____ ENTRIES SHOWN

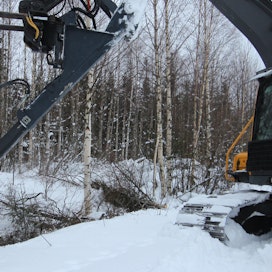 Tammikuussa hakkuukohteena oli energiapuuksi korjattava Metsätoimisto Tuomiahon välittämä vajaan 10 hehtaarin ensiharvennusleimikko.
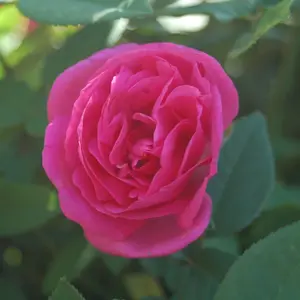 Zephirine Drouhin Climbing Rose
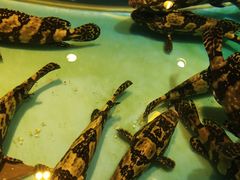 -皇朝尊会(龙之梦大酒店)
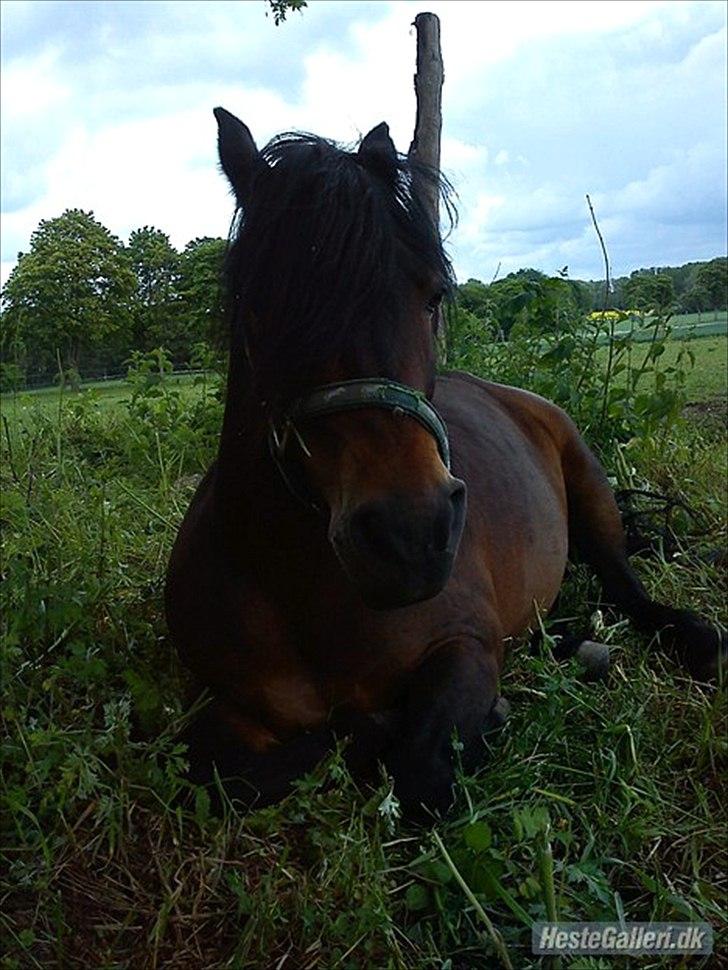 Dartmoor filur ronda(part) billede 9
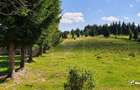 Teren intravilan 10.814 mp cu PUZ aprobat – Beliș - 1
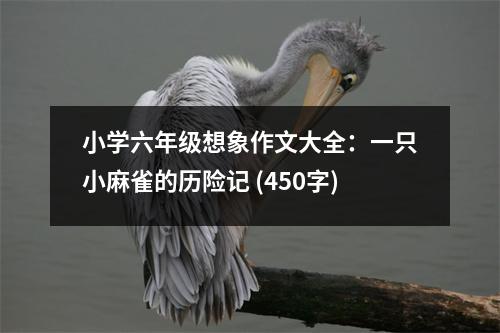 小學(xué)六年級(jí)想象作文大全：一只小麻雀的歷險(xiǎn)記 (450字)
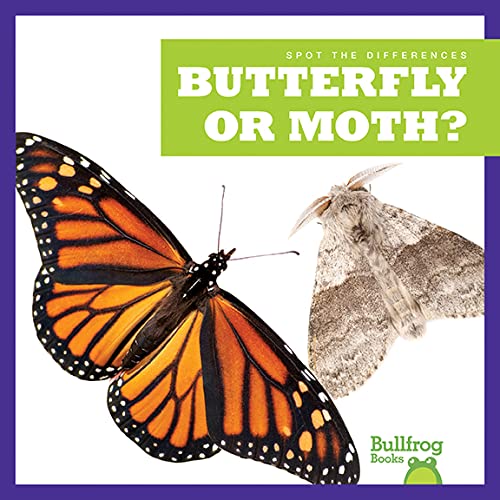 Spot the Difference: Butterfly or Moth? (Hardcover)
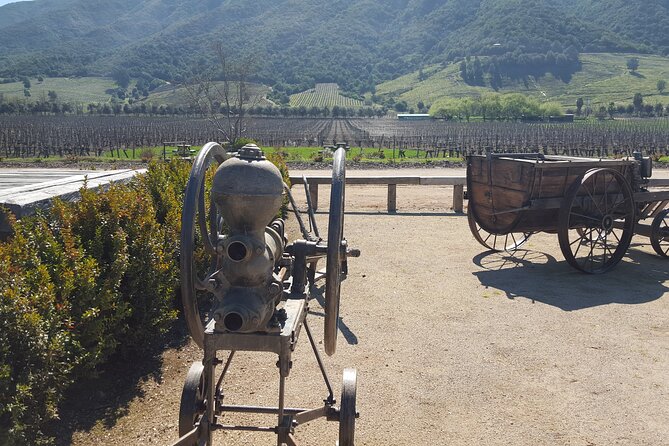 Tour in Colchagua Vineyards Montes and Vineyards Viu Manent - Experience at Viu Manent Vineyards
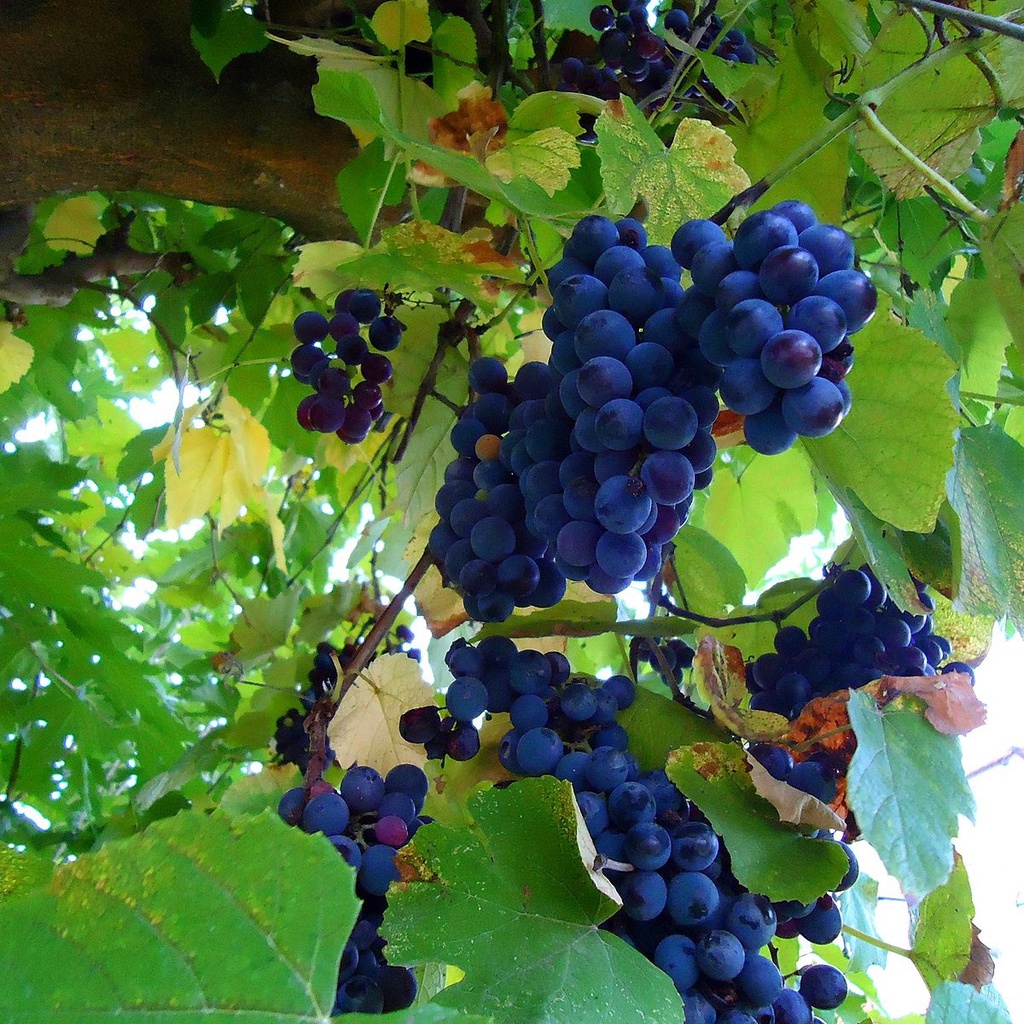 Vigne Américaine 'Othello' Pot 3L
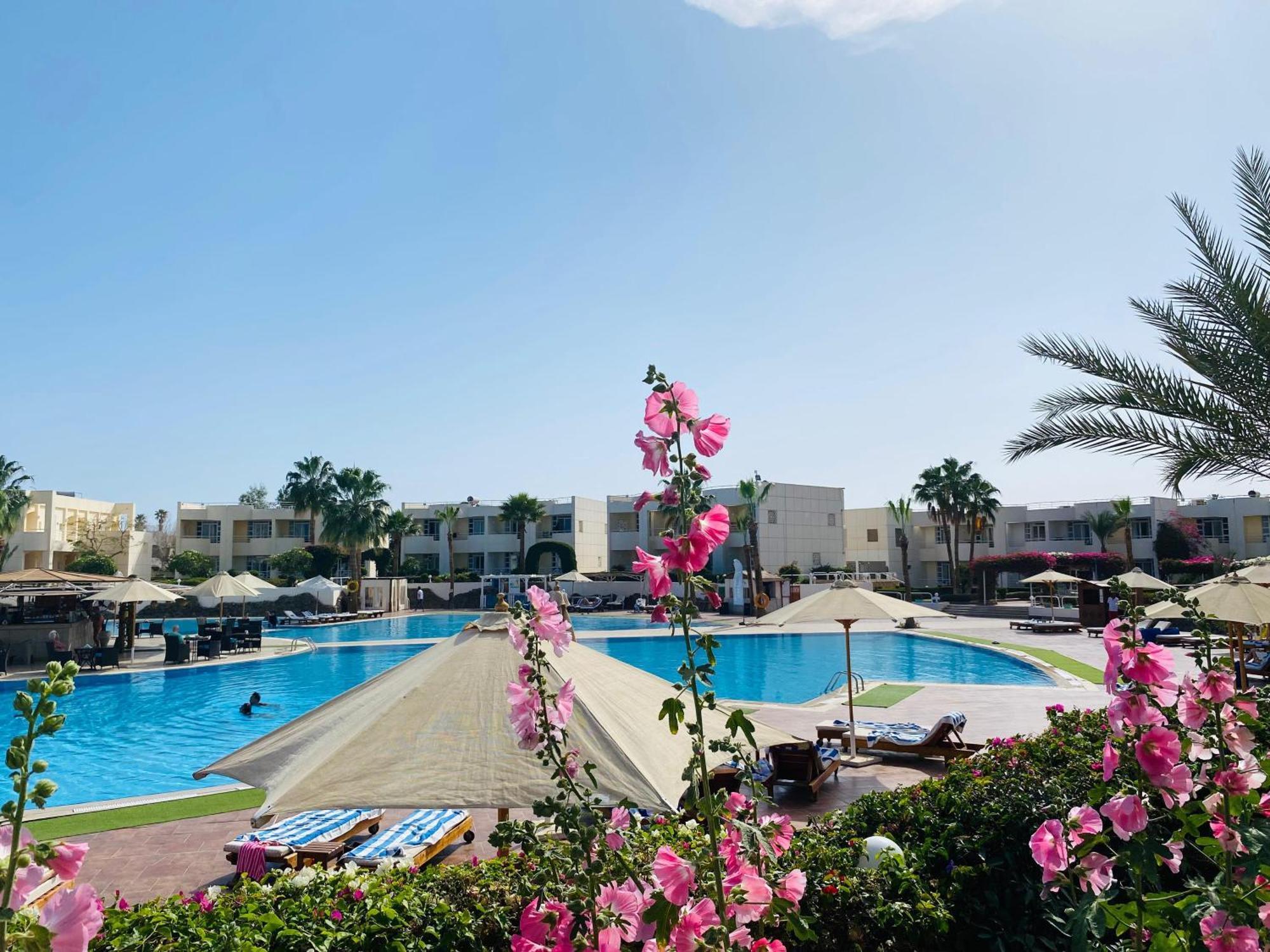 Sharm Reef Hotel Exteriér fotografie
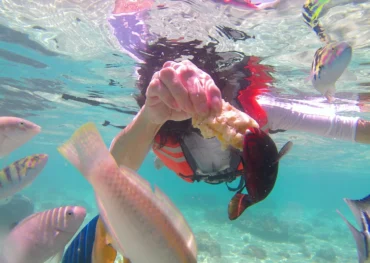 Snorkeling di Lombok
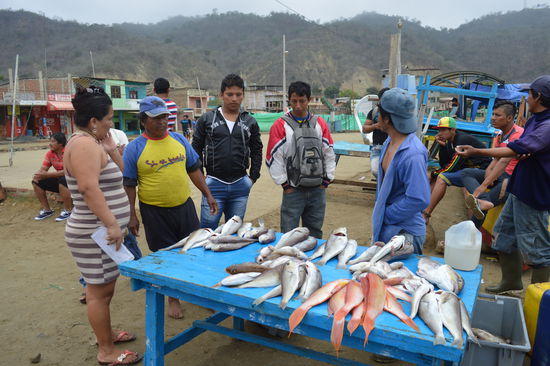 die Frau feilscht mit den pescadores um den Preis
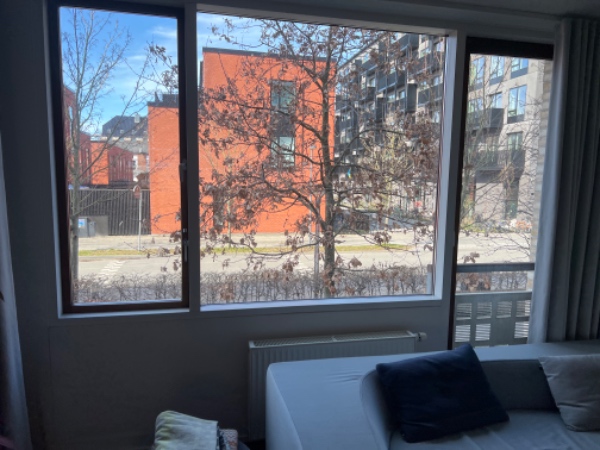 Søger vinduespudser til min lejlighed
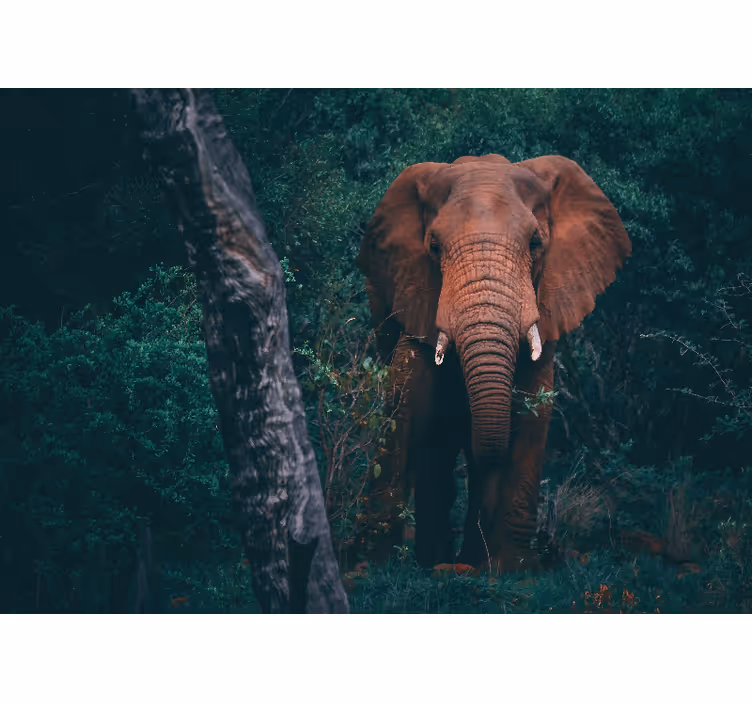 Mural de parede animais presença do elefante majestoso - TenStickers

________

▶ REQUIRED WORK:
What you write must match, line for line, the records from the line containing "Vigne Américaine 'Othello' Pot 3L" through the last line, with every picture left out.

▶ ANSWER AREA:
 Vigne Américaine 'Othello' Pot 3L
 Sharm Reef Hotel Exteriér fotografie
 Snorkeling di Lombok
 die Frau feilscht mit den pescadores um den Preis
 Søger vinduespudser til min lejlighed
 Mural de parede animais presença do elefante majestoso - TenStickers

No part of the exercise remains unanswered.